As before, .xvg files follow the standard GROMACS format and can be natively plotted using XMGrace, as commonly done by the community. For the FEL analysis, the two key outputs are prot_pca.xvg, containing the PC1 and PC2 values, and prot_fel.eps, a 2D image file suitable for quick visual inspection of the results.

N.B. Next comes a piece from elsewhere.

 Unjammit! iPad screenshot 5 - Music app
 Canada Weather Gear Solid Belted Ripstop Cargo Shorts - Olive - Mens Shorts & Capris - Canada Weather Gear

Advanced Analyses Using Python Routines

For complex analyses that are external to GROMACS, each flag must be executed separately.

3D FEL

To visualize the previously generated FEL in 3D and 2D, and to access .csv output files for plotting in external software, use the following command pattern:

gmx_ISA -fel3d <pc1_pc2.xvg> <Temperature_K> <nbins> <sigma_smooth>

Run:

gmx_ISA -solo -fel3d add_fel_gmx_ISA-ANALYSIS/prot_pca.xvg 310 50 2

Matplotlib will open an interactive graphical window displaying the 3D plot, allowing the user to rotate, zoom, and customize the visualization. After inspection, close the window and the script will terminate automatically, generating a new gmx_ISA-ANALYSIS directory, which can be renamed to fel3d_gmx_ISA-ANALYSIS:

mv gmx_ISA-ANALYSIS fel3d_gmx_ISA-ANALYSIS

The following outputs will be generated:

fel3d_gmx_ISA-ANALYSIS/
├── FEL_2D.png
├── FEL_3D.png
├── FEL_PC1_PC2_map.csv
├── FEL_PC1_PC2_points.csv
├── FEL_PC1_projection.csv
├── FEL_PC1_projection.png
├── FEL_PC2_projection.csv
└── FEL_PC2_projection.png

Analyses Based on Coulomb_SR and LJ_SR

For MM interaction energy analyses (Coulomb + Lennard-Jones short-range), linear regression of interaction energy, ISA (Interaction Stability Analysis), and interaction energy autocorrelation, the flags -int, -reg, -isa, and -autocor are required, respectively. Execute them sequentially:

gmx_ISA -solo -int defaut_gmx_ISA-ANALYSIS/coulomb_SR.xvg defaut_gmx_ISA-ANALYSIS/LJ_SR.xvg
gmx_ISA -solo -reg defaut_gmx_ISA-ANALYSIS/coulomb_SR.xvg defaut_gmx_ISA-ANALYSIS/LJ_SR.xvg
gmx_ISA -solo -isa defaut_gmx_ISA-ANALYSIS/coulomb_SR.xvg defaut_gmx_ISA-ANALYSIS/LJ_SR.xvg
gmx_ISA -solo -autocor defaut_gmx_ISA-ANALYSIS/coulomb_SR.xvg defaut_gmx_ISA-ANALYSIS/LJ_SR.xvg

After execution, the gmx_ISA-ANALYSIS directory will contain all outputs generated by these flags. For organization, rename it to cou_lj_based_gmx_ISA-ANALYSIS, containing the following files:

cou_lj_based_gmx_ISA-ANALYSIS/
├── autocor_python.log
├── gmx_ISA_debug.log
├── interaction_autocorrelation_results.dat
├── interaction_energy_analysis.dat
├── interaction_energy_autocorrelation.csv
├── interaction_energy_autocorrelation.png
├── interaction_energy_coulomb_vs_lj.png
├── interaction_energy.csv
├── interaction_energy.png
├── interaction_energy_statistics.dat
├── interaction_python.log
├── isa_python.log
└── ISA_results.dat

Linear Diffusion and Convergence Analyses

For diffusion analysis and calculation of the diffusion coefficient based on the linear region of the MSD, the MSD output must be previously computed. To identify the most linear region for diffusion coefficient estimation, run:

gmx_ISA -solo -diff msd_protein.xvg

For convergence analysis, gmx_ISA has been fully optimized to operate on gmx_MMPBSA outputs, automatically detecting the $\Delta G_{complex}$ column, identifying the frames, and computing the cumulative average.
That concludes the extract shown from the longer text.